## RECORD SET
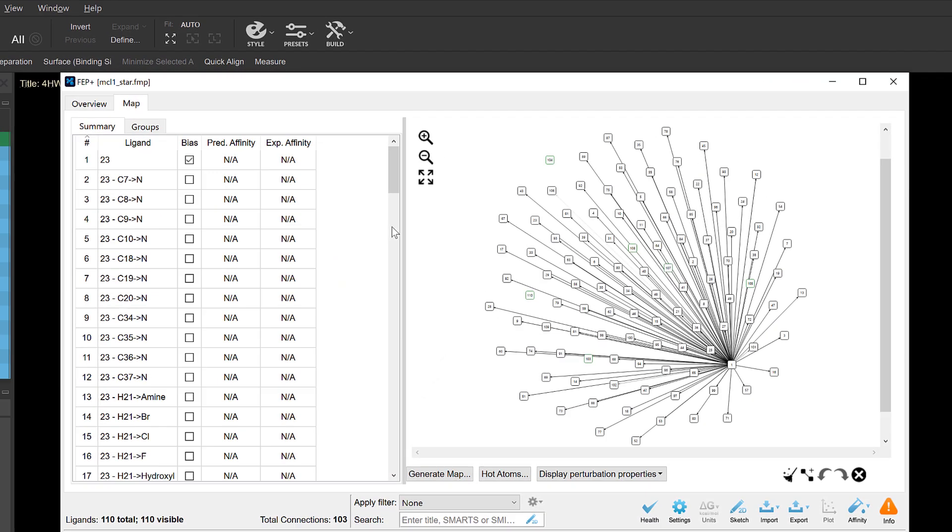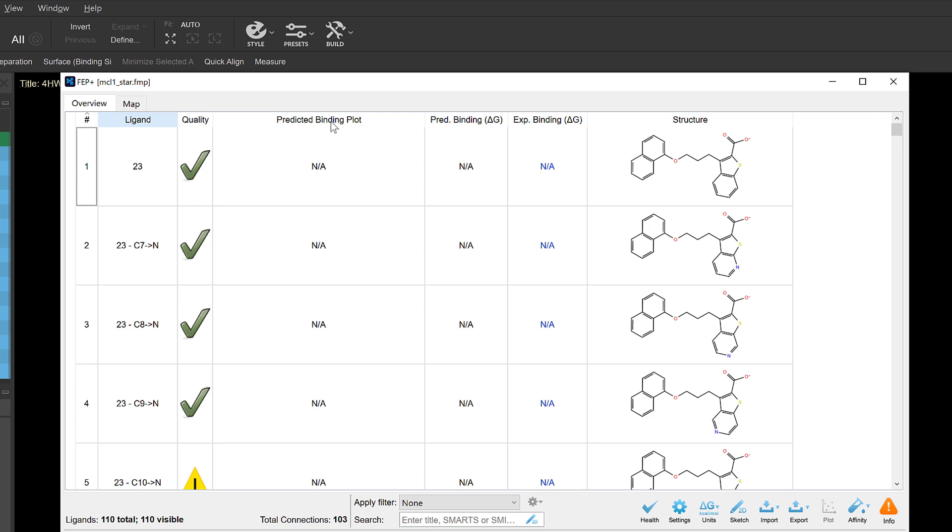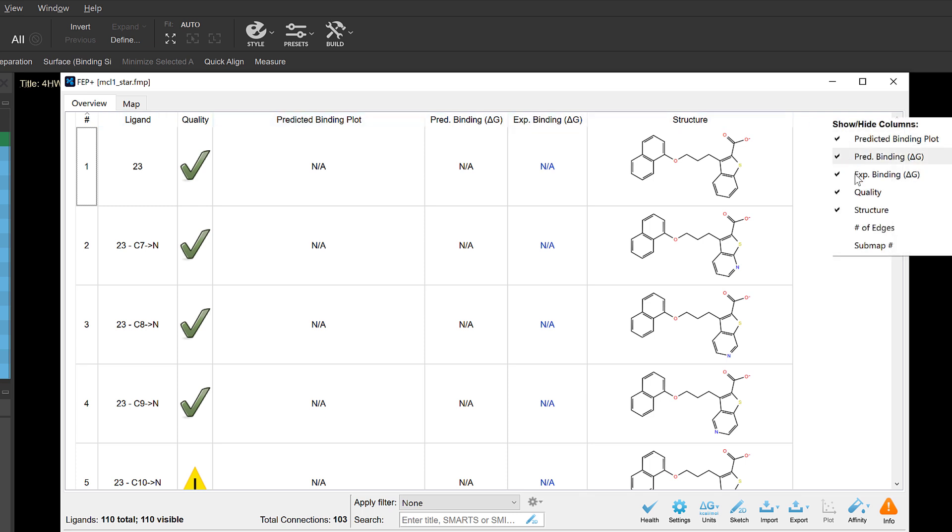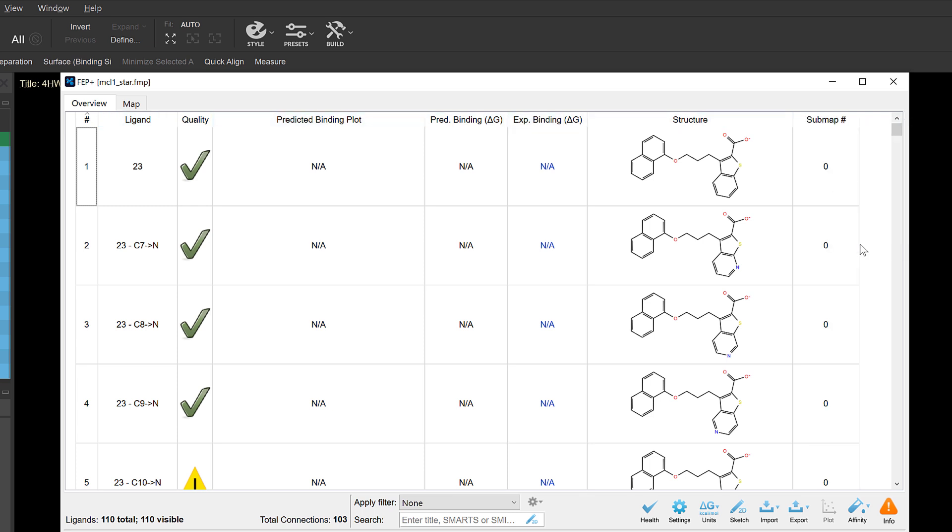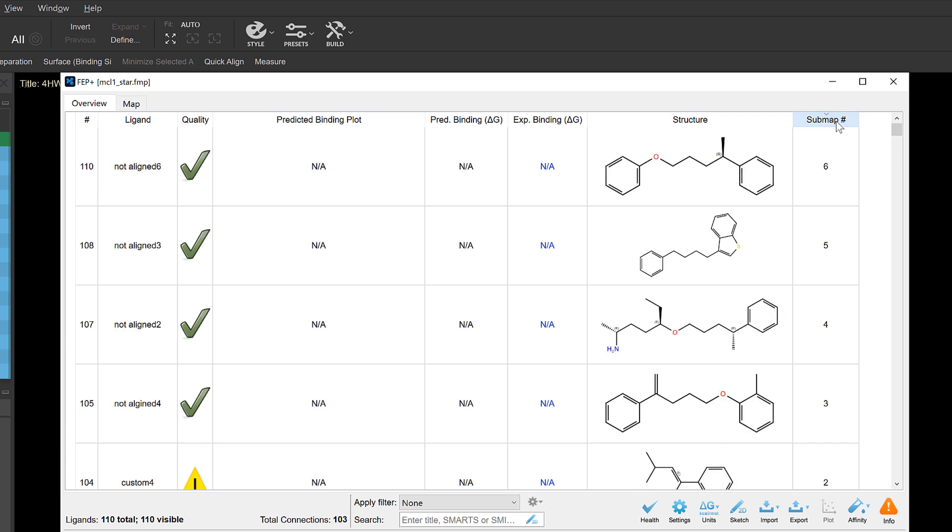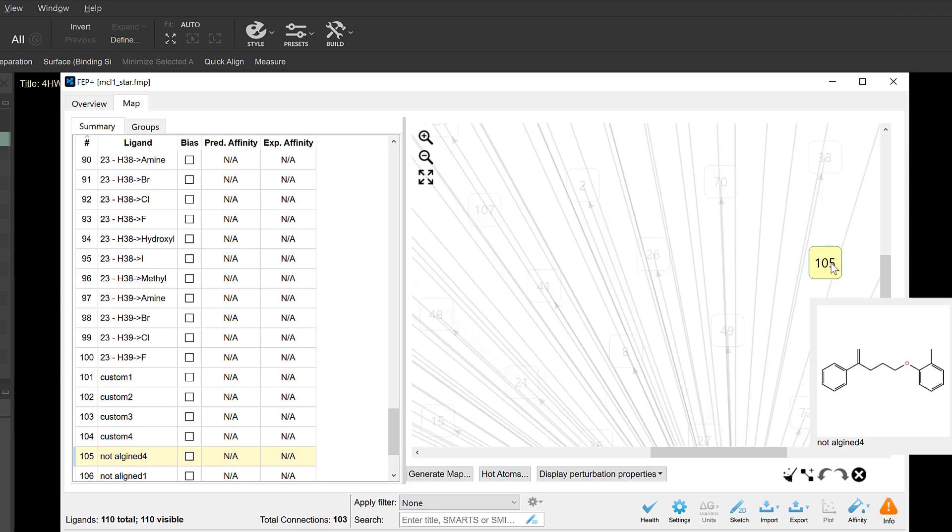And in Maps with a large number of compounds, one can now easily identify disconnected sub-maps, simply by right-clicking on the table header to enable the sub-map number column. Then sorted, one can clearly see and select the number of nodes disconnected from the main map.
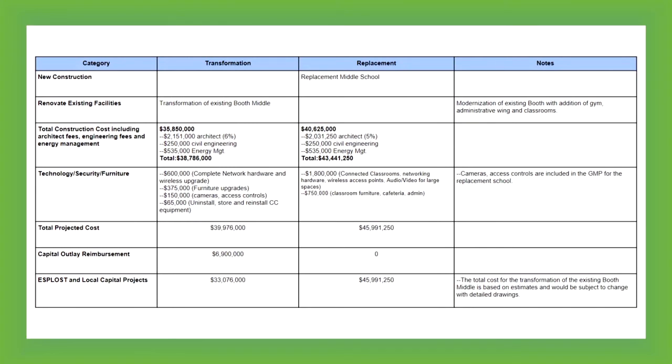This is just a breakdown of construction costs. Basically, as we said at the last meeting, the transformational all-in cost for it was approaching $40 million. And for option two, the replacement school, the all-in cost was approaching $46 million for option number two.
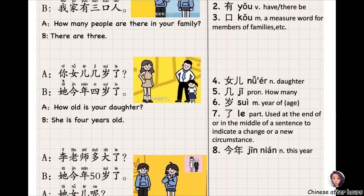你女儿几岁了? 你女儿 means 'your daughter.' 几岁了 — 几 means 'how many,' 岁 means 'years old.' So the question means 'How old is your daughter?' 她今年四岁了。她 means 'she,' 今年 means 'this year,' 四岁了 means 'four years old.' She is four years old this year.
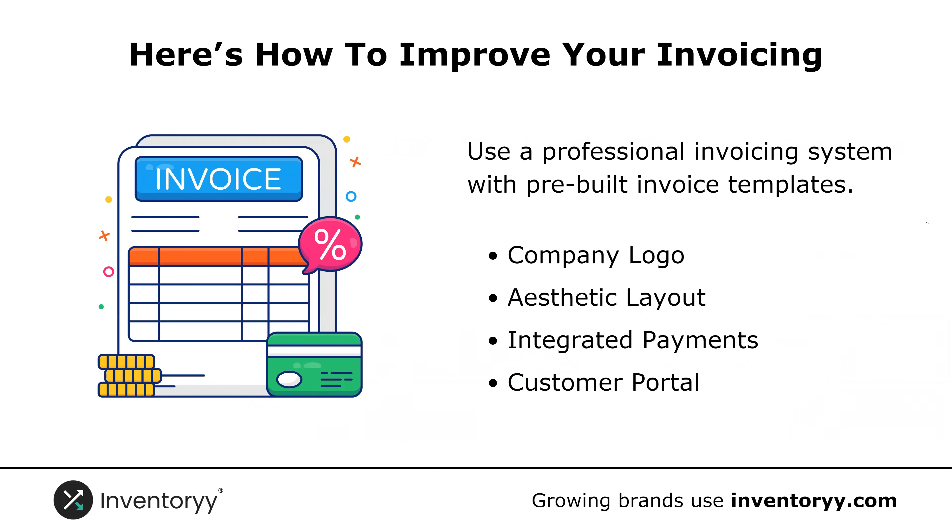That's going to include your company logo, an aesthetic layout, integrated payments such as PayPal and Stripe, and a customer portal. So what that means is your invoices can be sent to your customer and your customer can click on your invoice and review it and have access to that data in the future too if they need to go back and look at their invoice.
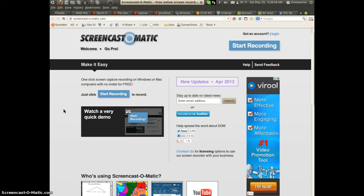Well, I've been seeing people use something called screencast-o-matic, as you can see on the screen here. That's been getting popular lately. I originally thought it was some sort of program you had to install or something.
* * *
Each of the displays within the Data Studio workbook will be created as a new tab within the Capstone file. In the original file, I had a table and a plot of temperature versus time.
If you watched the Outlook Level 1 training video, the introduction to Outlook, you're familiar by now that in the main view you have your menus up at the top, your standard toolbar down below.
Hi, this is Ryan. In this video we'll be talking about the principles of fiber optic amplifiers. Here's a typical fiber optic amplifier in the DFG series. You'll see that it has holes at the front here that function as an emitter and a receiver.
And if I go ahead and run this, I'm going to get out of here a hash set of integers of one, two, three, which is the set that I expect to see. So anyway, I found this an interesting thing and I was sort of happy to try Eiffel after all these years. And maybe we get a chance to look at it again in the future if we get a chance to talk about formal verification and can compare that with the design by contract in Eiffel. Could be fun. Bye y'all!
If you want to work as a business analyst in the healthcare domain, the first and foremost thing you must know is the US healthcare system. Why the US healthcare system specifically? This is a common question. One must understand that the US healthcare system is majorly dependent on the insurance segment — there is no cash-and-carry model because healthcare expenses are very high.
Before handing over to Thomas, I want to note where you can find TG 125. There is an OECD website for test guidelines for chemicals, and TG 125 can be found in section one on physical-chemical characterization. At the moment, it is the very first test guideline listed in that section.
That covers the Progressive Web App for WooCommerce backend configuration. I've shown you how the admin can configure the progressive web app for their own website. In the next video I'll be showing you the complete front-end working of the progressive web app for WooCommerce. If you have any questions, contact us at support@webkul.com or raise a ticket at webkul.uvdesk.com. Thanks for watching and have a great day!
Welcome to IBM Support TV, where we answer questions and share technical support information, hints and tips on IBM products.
==
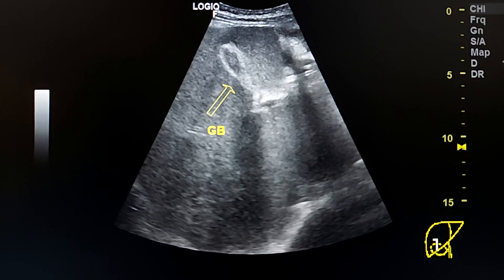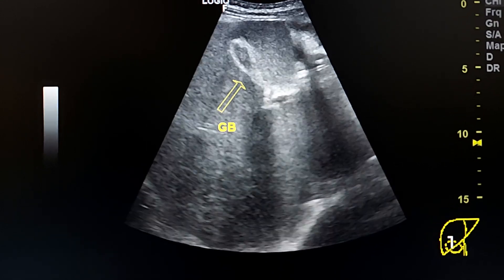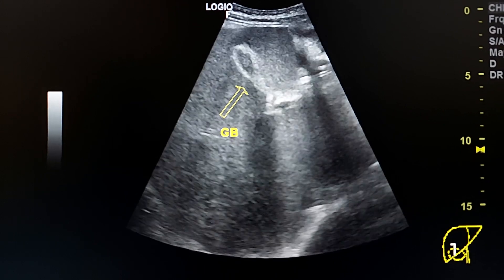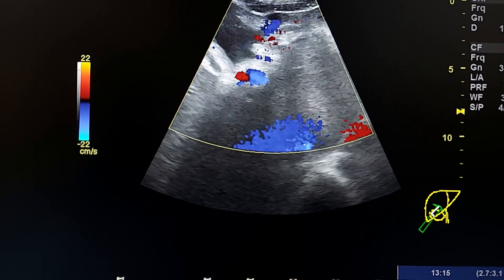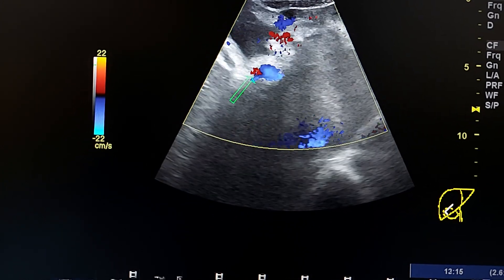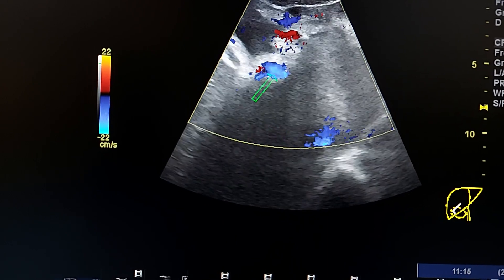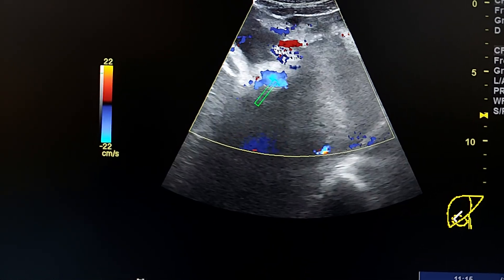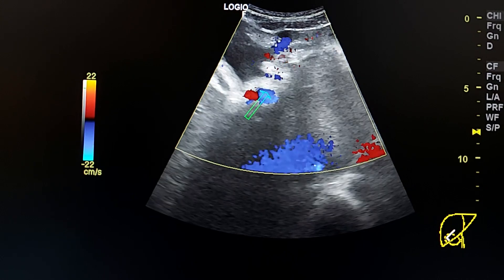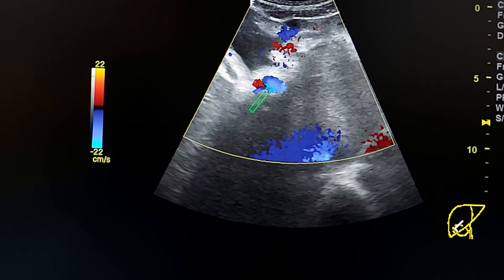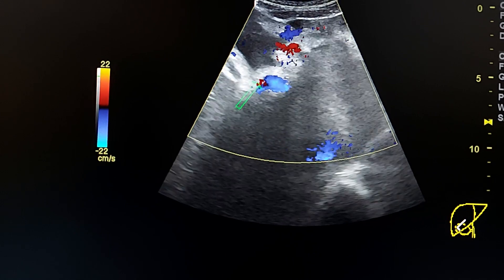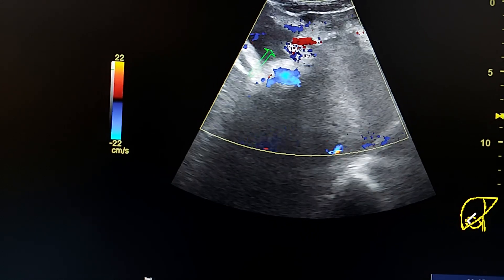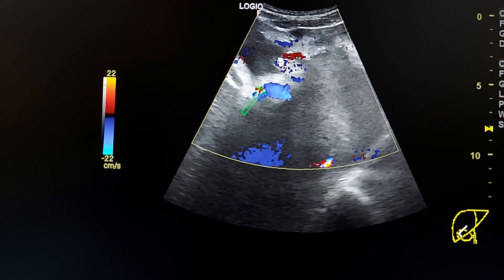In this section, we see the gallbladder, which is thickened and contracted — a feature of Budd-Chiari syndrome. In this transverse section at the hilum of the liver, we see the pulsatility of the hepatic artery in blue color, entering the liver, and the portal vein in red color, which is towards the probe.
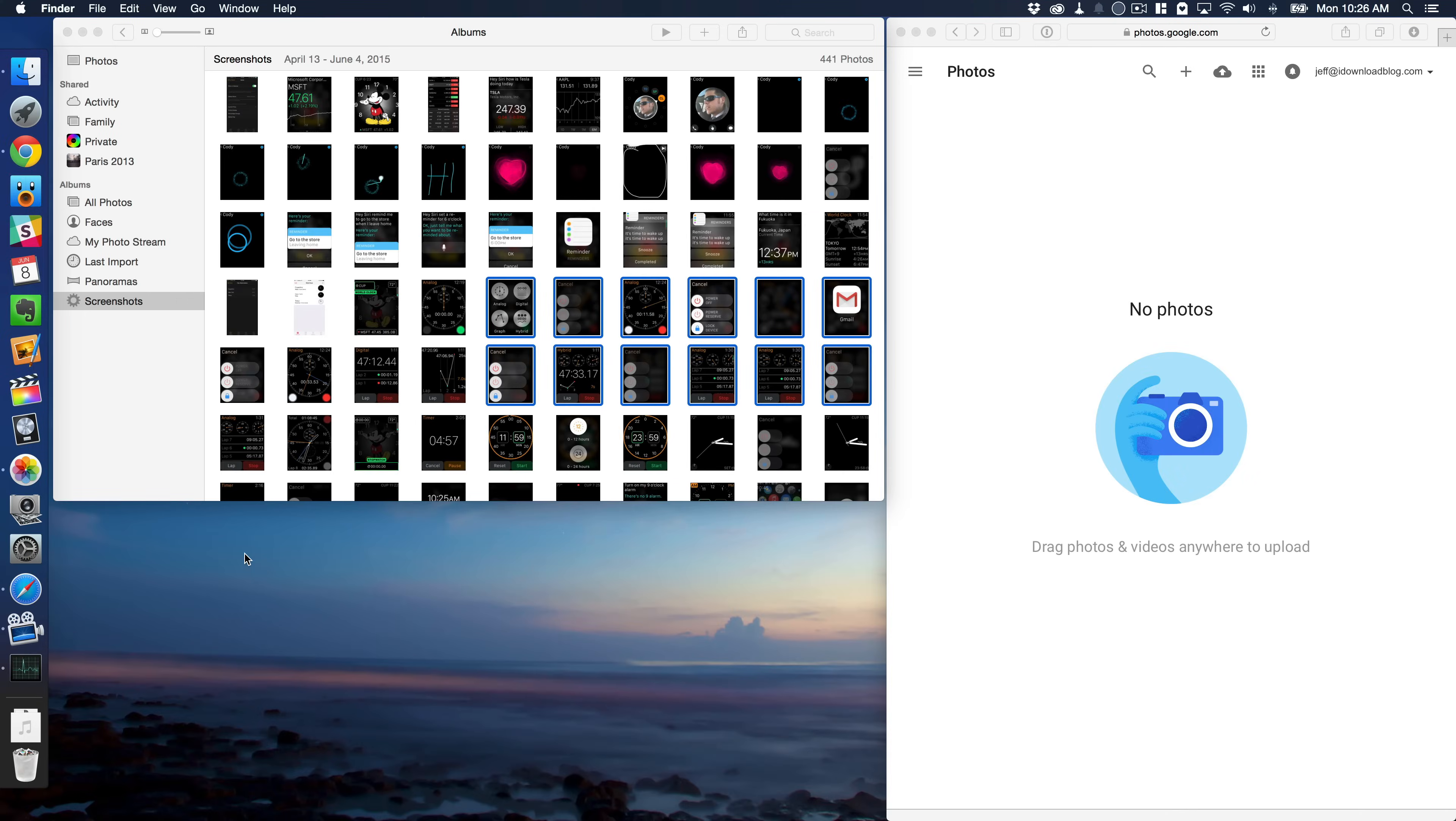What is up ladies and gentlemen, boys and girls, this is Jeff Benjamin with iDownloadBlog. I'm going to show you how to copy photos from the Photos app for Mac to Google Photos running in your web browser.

## WHAT THE TASK REQUIRES
Scan the material above and determine how many lines include the word "support"; report only the number.

## RESPONSE
2